__What you will do__.
Would you repeat the listing exactly but omit every picture?

__Source material__.
|---|

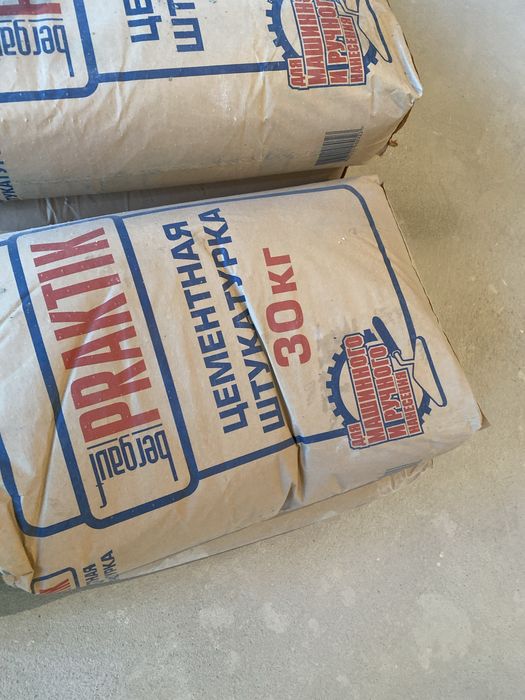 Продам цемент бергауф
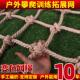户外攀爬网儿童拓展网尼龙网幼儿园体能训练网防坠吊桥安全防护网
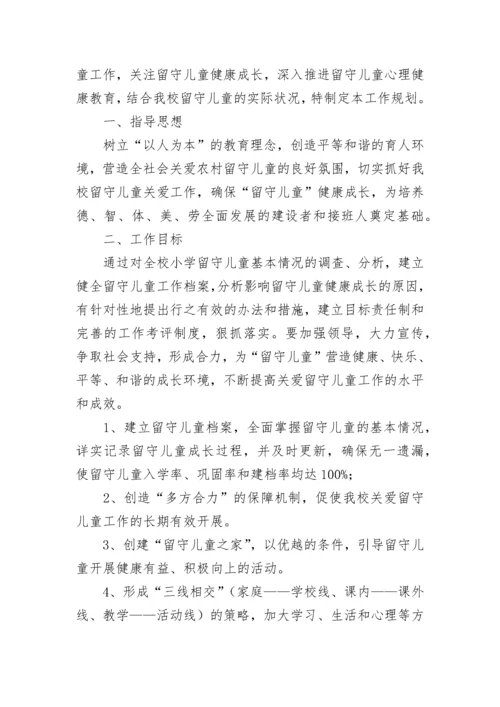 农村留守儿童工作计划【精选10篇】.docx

|---|

__Answer below__.
 Продам цемент бергауф
户外攀爬网儿童拓展网尼龙网幼儿园体能训练网防坠吊桥安全防护网
 农村留守儿童工作计划【精选10篇】.docx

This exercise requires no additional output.